I’d been with the same employer for 21 years, and been living in the same house for 11. My youngest had just left for college, and I began to feel it. At first I wasn’t sure what it was, but as I listened to it—as I felt it inside me—I knew. I’ve had the feeling before, but not for a long time. Time to move.
In some important ways I was already moving. But what I was feeling in my gut was bigger. Bigger than just growing more in place. And it wasn’t that I just needed change. I could create change standing still. I’d been doing that already. No, not just change. Static change wasn’t enough. I needed to move.
A few chapters ago in my life, I moved a lot. It was youthful, frequent movement.
My post college life was a vision of movement. I moved back home for a couple months, then moved to my first job. I wrote press releases and was an assistant lacrosse coach at my alma mater. And while I was in familiar environs, it was different. I had a job. I was moving. When I moved back to start my job, everything material that was important to me fit into my 1980 Ford Pinto. A big duffle bag. A big stereo. A bike. And when I left there two years later to return home to Boston, everything near to me still fit into that car. Miraculously, the car still worked. I was 23, and I haven’t forgotten the wistful feeling of driving north on route 95, all my possessions in my hatchback, a good tape in the player, eyes open to possibility.

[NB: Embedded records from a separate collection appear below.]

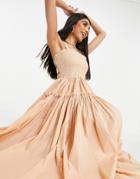Asos Design Cami Midi Sundress With Raw Edges In Apricot-pink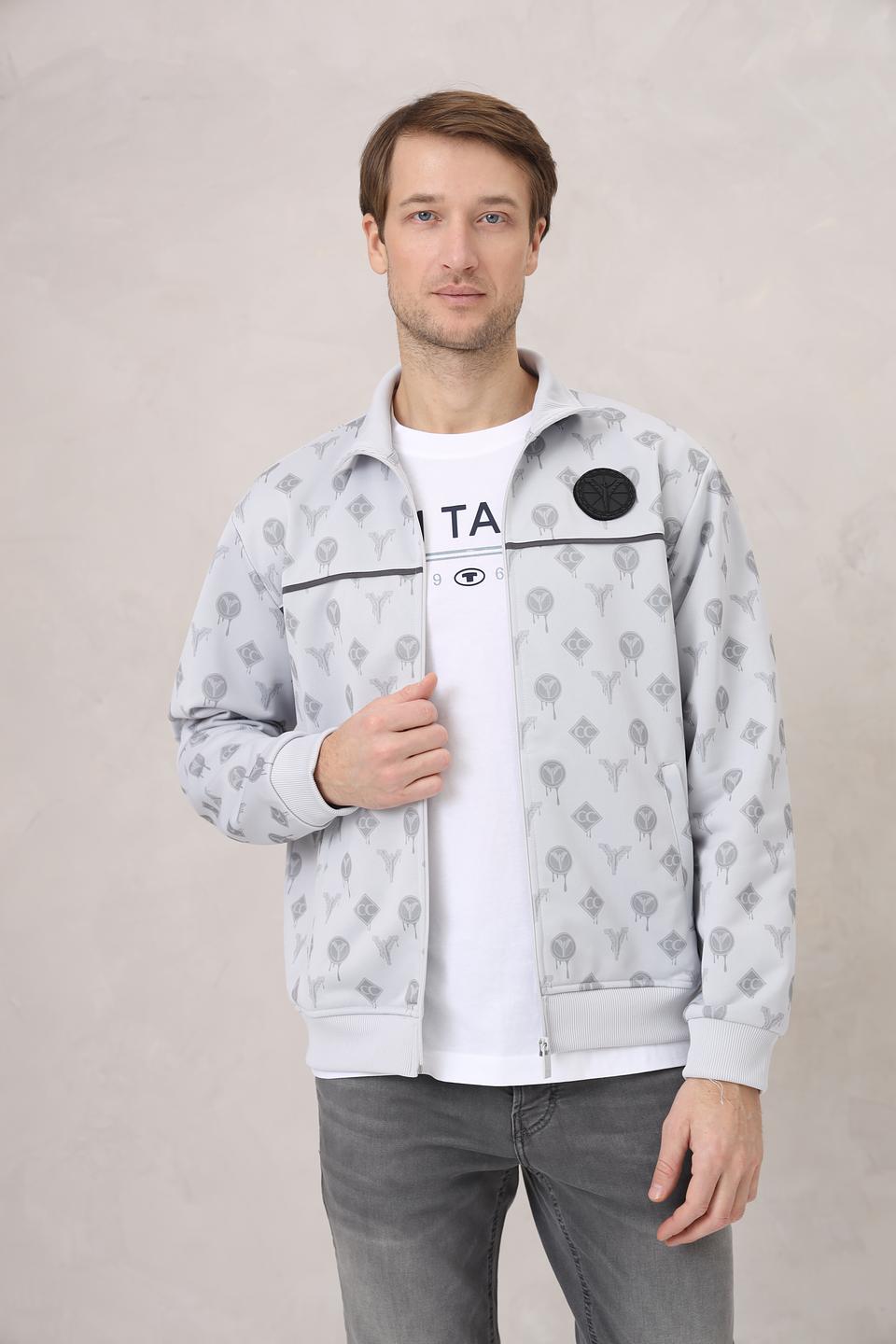 Кардиган Carlo Colucci с принтом серый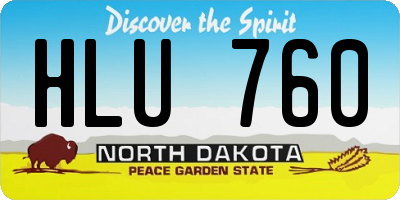 ND license plate HLU760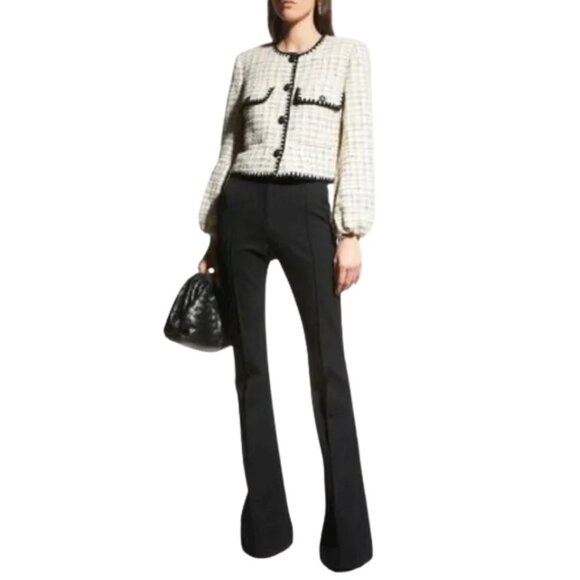 VERONICA BEARD Tweed Embroidered Contrast Stitch Collarless Blazer. Size 2. - Picture 4 of 7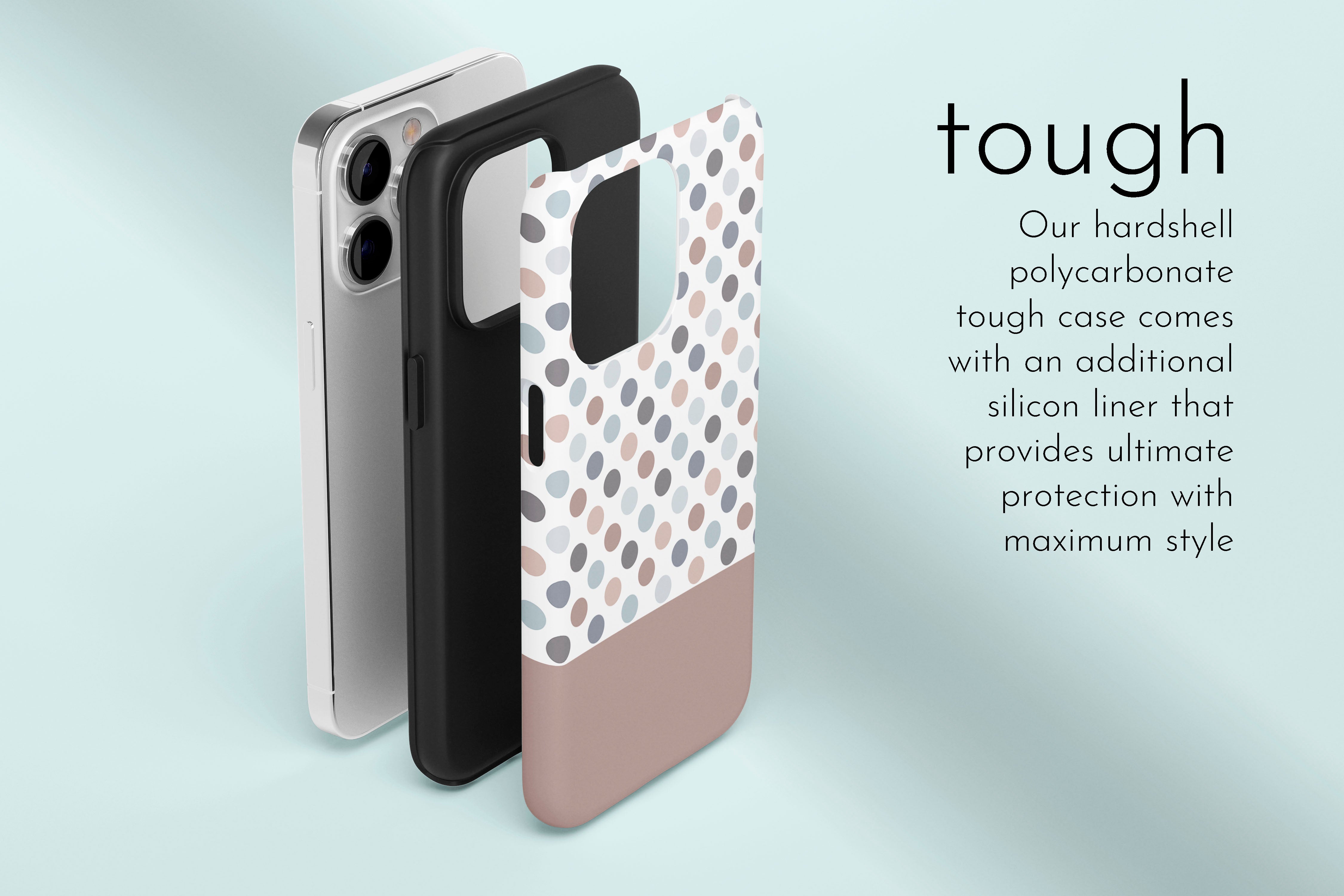 A graphic illustration of our Chocco Spotty design describing the main features of our tough type phone case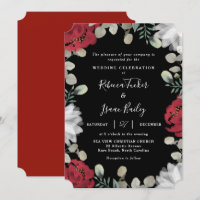Elégant Rouge & Blanc Floral Vert Mariage noir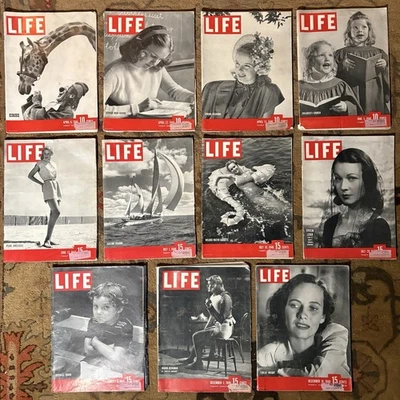 1946 Life Magazine Vintage Lot 11 Issues 1940’s Old WWII-Era Ads WW2 April July - Image 1 of 4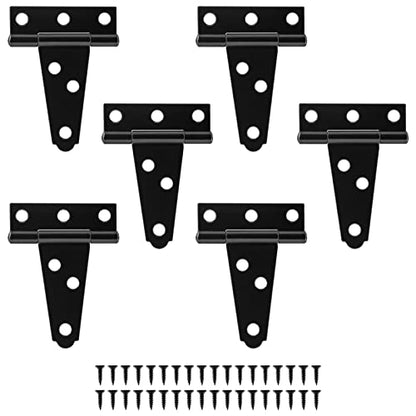 Murtenze 6Pack 2 Inch Black T-Strap Shed Hinge - color: Black, size: 2 Inch - 6Pack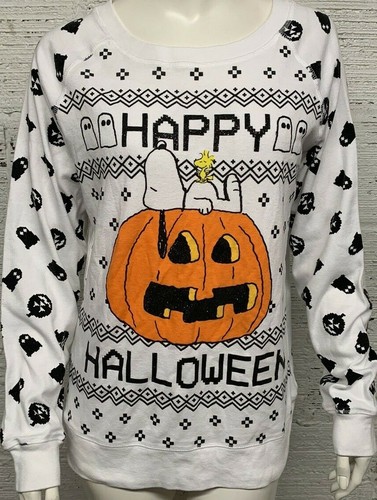 Peanuts Happy Halloween White Long Sleeve Woodstock Junior Top Size XL - Picture 2 of 8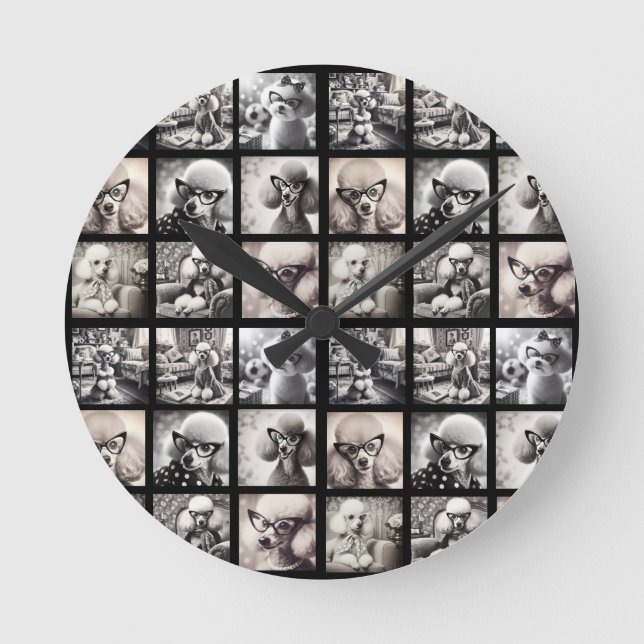 Fun 9 Photo Collage Pictures Round Clock (Front)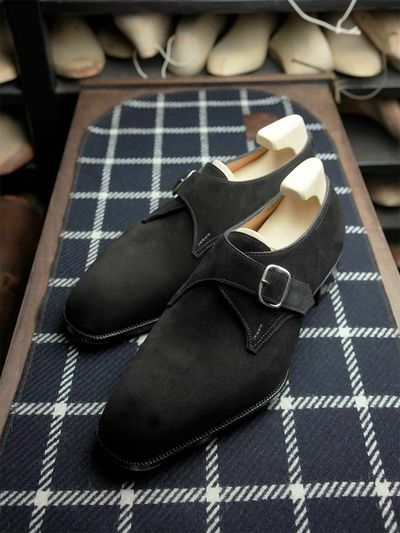 Handmade Men Square toe dress shoes, Men black suede buckle business shoes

When my son went off to college last fall I made a promise to myself that I’d get moving again. A major life change had jolted my world and I just couldn’t envision staying much longer in my house in the woods. I knew I needed to move, and once I made the decision to move—actually, once I got moving—good things followed in my life.
It’s like that in life, good things can’t follow until you get moving. Nothing follows a person standing still. And you have to trust your gut and just run with it.
Moving out of a house I lived in with my late wife was difficult.
It was physically and mentally challenging. In the end it was liberating. At one point in the process, I put an eight-foot folding table at the bottom of my driveway. For a few days I made a morning ritual of putting things on it that I knew I didn’t want to keep but thought someone may like. Colorful little vases, kitchen utensils, old lacrosse sticks, stuff like that. I painted “Free” on the back of the plywood sign that our builder made 12 years earlier and that on the flip side had an architectural drawing of our home and the title “Bidstrup Residence.”
Everything I put on the table was taken away to a new home. Everything. I’m glad about that. I went away for a long weekend and discovered that they took the table away too. All that was left was the “Free” sign.
It hit me then. I was free.
“The woods are lovely, dark and deep. But I have promises to keep. And miles to go before I sleep. And miles to go before I sleep.” ~ Robert Frost
Moving is part of our being. It’s healthy.
Think about it—to stay in good physical shape we need to move. How nice it is to walk through the woods or along the shoreline. As we move, our perspective shifts—literally and figuratively. A new vantage point leads to new insight and discovery. Players move on a field of play in order to open up angles for passing and shooting. The natural world is full of movement, especially as seasons change.
As I write this I’m on the Maine coast. The sunsets are coming a little earlier now. It’s late August. The water feels cooler, and I’m wearing my sweatshirt more often now. Birds are moving. Boats too. Heading south ahead of the raw weather that will come as surely as the harvest moon that will rise in a month.
I chatted with a friend on a ferry boat yesterday. We talked about moving. He’d moved 16 times in 22 years. He was smiling and had a twinkle in his eye as he was getting ready to move again.
As I enter a new life chapter, I expect it to remain full of movement. I’m looking forward to the movement and new vistas that will enter my field of view. I can’t anticipate what they will look like. I expect though that with movement, new vantage points will offer me heretofore hidden insights. Insights into life’s mystery, and the places and people that I will share my time with. As I accelerate, distinct shapes give way to the blur of my peripheral vision. My car of choice is still an old one—’93 Land Cruiser. I’ve got a few great playlists on the iPod, and my eyes are open to possibility. Moving, happily. Are you?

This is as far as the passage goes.